_Your instructions_. In the material below, find the line containing "For iPad Pro" and the line containing "クリストフルカルディヤック マルメゾン/エンパイア 4", then reproduce exactly both of them and every line between, and nothing else.

_Data_.

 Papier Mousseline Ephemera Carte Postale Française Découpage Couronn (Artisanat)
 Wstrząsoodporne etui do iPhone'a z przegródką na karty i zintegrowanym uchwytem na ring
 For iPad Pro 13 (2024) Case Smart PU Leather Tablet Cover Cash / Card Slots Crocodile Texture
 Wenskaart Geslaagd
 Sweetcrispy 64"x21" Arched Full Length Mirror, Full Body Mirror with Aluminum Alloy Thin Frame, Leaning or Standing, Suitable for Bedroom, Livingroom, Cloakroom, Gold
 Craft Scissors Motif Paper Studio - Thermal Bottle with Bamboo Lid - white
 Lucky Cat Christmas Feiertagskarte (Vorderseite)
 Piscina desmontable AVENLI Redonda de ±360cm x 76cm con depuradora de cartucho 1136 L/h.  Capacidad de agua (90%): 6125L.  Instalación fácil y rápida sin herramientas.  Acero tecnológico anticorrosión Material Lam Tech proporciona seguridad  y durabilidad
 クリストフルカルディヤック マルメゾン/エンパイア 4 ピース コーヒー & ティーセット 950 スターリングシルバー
...
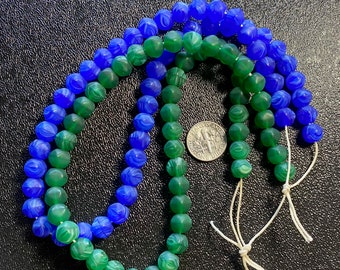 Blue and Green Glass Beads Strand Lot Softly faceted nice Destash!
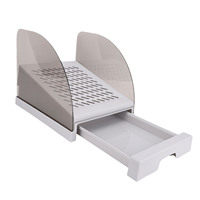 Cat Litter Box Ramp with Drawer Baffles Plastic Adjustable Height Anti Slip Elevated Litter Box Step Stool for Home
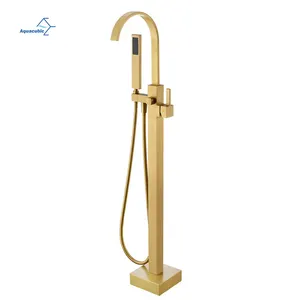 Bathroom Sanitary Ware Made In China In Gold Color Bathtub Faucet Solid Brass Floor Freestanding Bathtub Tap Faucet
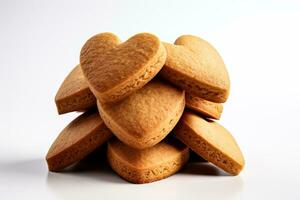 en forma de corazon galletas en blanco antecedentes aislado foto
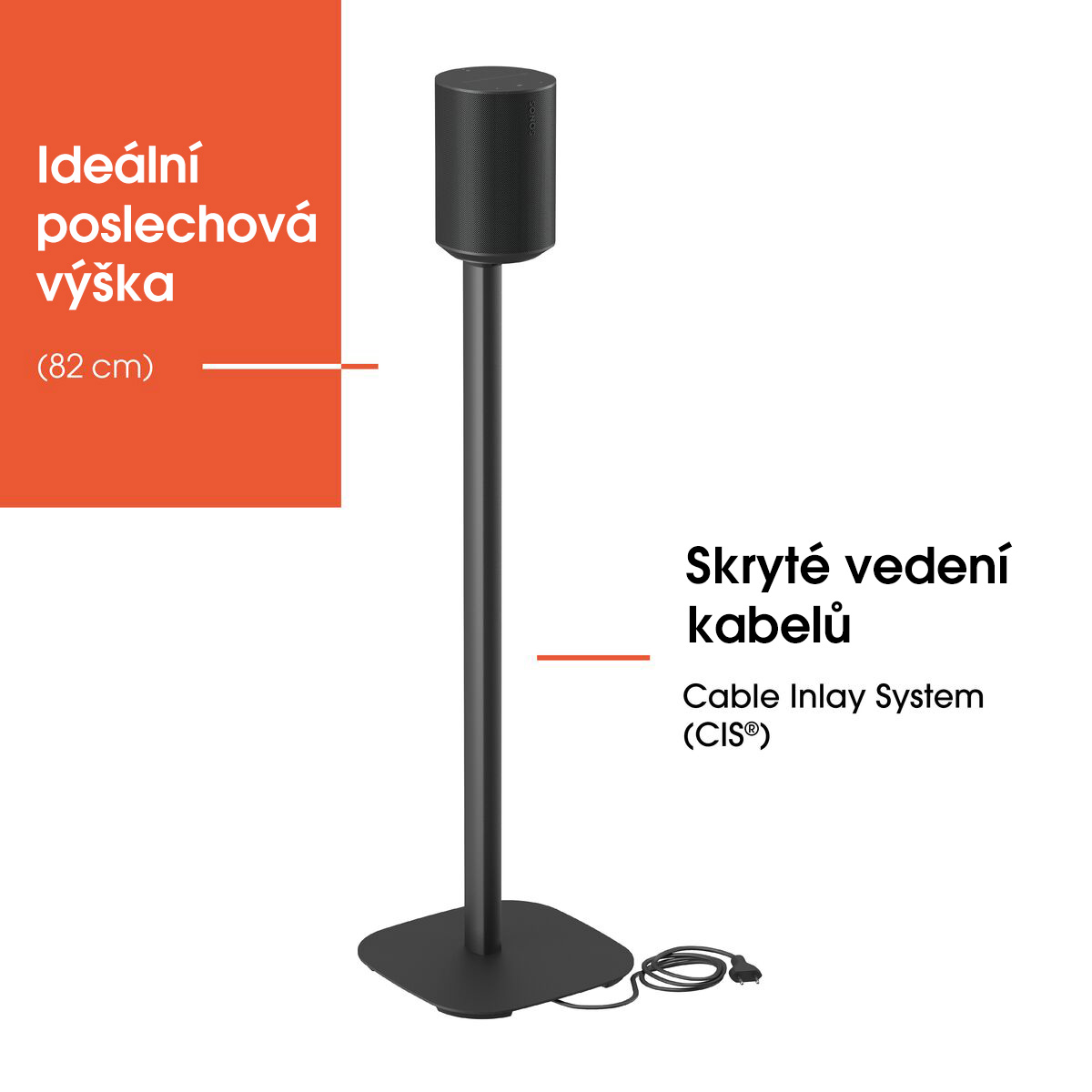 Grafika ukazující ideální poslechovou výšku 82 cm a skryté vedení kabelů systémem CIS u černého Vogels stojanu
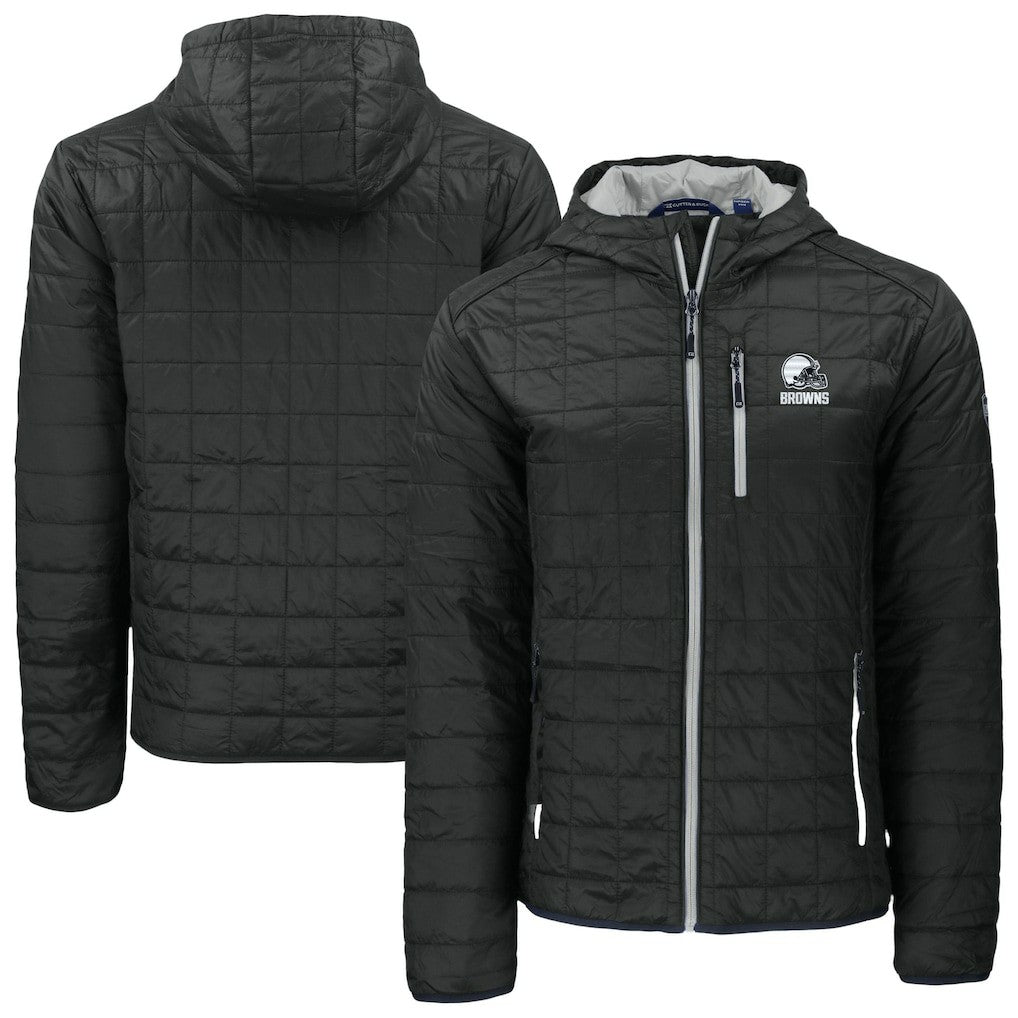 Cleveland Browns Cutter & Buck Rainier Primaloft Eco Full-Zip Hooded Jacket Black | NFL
---
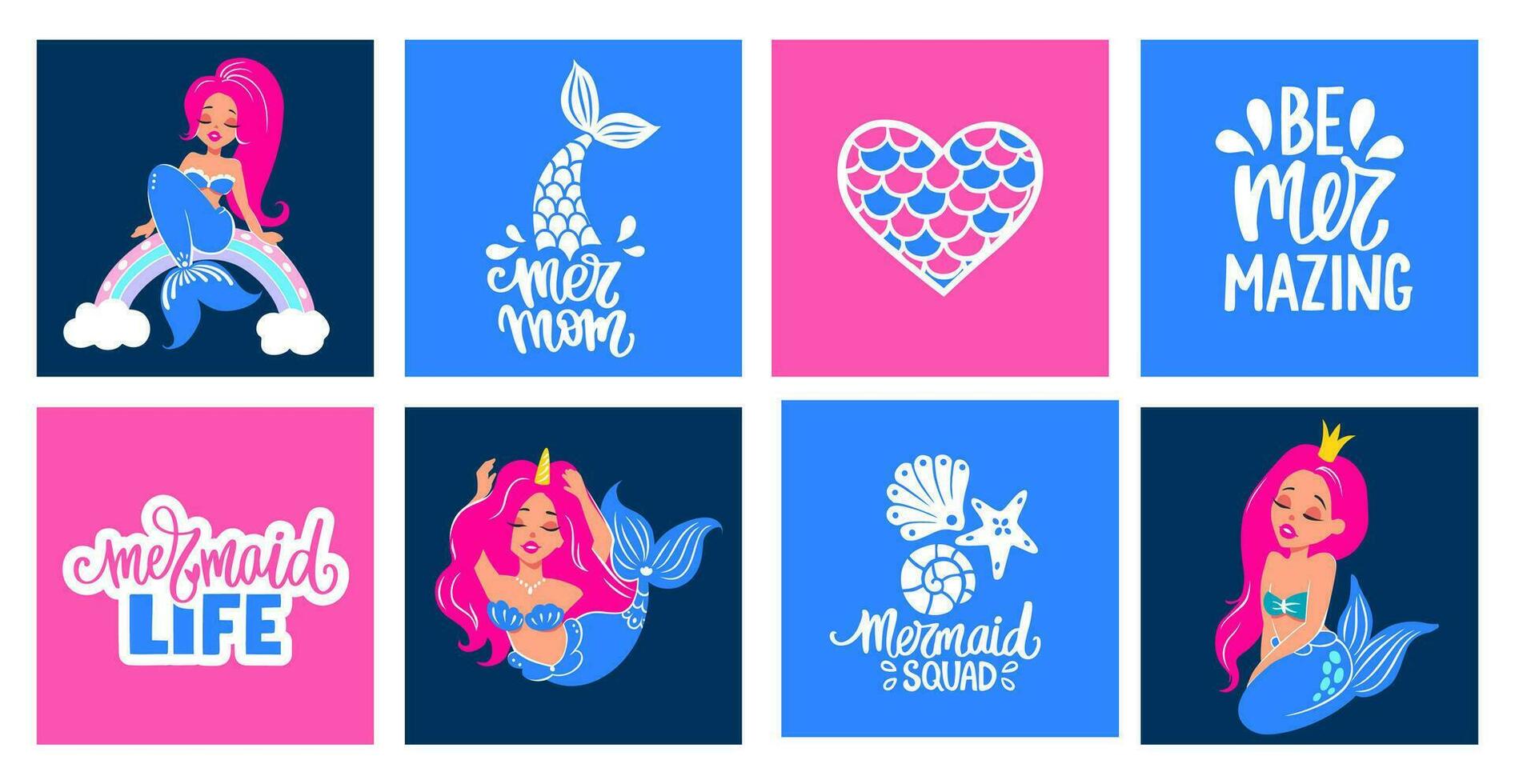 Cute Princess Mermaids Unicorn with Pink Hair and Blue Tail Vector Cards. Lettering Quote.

_Output of the exercise_.
 For iPad Pro 13 (2024) Case Smart PU Leather Tablet Cover Cash / Card Slots Crocodile Texture
 Wenskaart Geslaagd
 Sweetcrispy 64"x21" Arched Full Length Mirror, Full Body Mirror with Aluminum Alloy Thin Frame, Leaning or Standing, Suitable for Bedroom, Livingroom, Cloakroom, Gold
 Craft Scissors Motif Paper Studio - Thermal Bottle with Bamboo Lid - white
 Lucky Cat Christmas Feiertagskarte (Vorderseite)
 Piscina desmontable AVENLI Redonda de ±360cm x 76cm con depuradora de cartucho 1136 L/h.  Capacidad de agua (90%): 6125L.  Instalación fácil y rápida sin herramientas.  Acero tecnológico anticorrosión Material Lam Tech proporciona seguridad  y durabilidad
 クリストフルカルディヤック マルメゾン/エンパイア 4 ピース コーヒー & ティーセット 950 スターリングシルバー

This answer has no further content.